1/8K Begins in teen years Distal Muscle Weakness Progressive Muscle Wasting Footdrop Long face that looks mournful heart problems
Myotonic Dystrophy Type II (DM2) is also called what? How is it inherited? Does it show anticipation? Is it more mild or more severe than DM1?
PROMM
Autosomal Dominant
No anticipation
More mild than DM1
What do the labs show about DM2?
CK high
insulin insensitivity in some patients
Low testosterone
What is the mutation issue w/ DM2/PROMM?
CCTG expansion in intron 1 of ZNF9
What is ZNF9?
a zinc finger protein
When is the onset usu of DM2/PROMM? What do you first notice? What might you eventually experience?
Ages 20-60
Pain & stiffness in thighs @ first
Eventually possible to have: weakness in proximal, distal & facial muscles
Facioscapulohumeral Dystrophy (FSHD) is inherited how? What cool genetic thing does it show? What is its prevalence? Why is its prevalence so high?
FSHD is inherited in an autosomal dominant manner & shows anticipation (gets worse w/ each generation).
Prevalence: 1/50K-1/100K
High prevalence b/c these patients live, not necessarily a high incidence.
What would labs for FSHD patients show? Is DNA testing available for this condition?
shows high CK
DNA testing IS available!
FSHD1 & FSHD2 are very similar, but there are different mutations that lead to them.
What is the mutation that causes FSHD1?
deletion in D4Z4 region of 4q35. Therefore, fewer introns & DUX4 gene is turned on. This is a killer gene. Bad for body.

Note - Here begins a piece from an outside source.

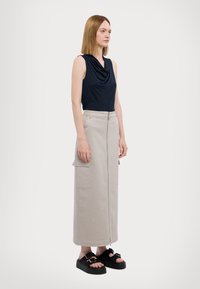 Mørkeblå ærmeløs top med draperet halsudskæring, parret med en lysegrå, knælang nederdel med lynlås foran og sidelommer. Sorte platform sandaler.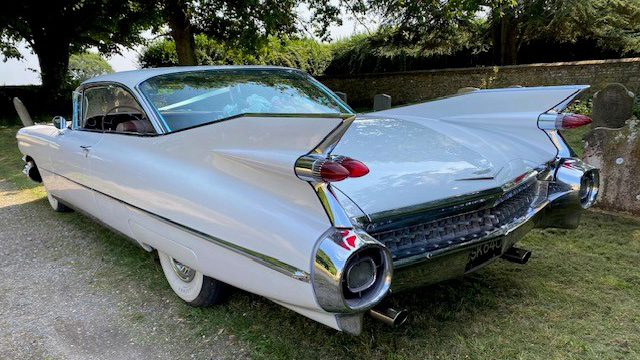 left rear view of white cadillac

What is the mutation that causes FSHD2?
hypomethylation in D4Z4. Should be heterochromatin & non-expressed. In this case, DUX4 gene is expressed & is bad for the body-killer gene. But people live long lives.
Is FSHD2 common?
No. 5% of cases. Most of these patients have FSHD1.
What is the clinical presentation of FSHD?
skeletal muscle weakness in the face, scapula, & arms.
Shoulder weakness, hard to put things above your head.
Footdrop.
Asymmetric weakness, though. Not everything affected evenly.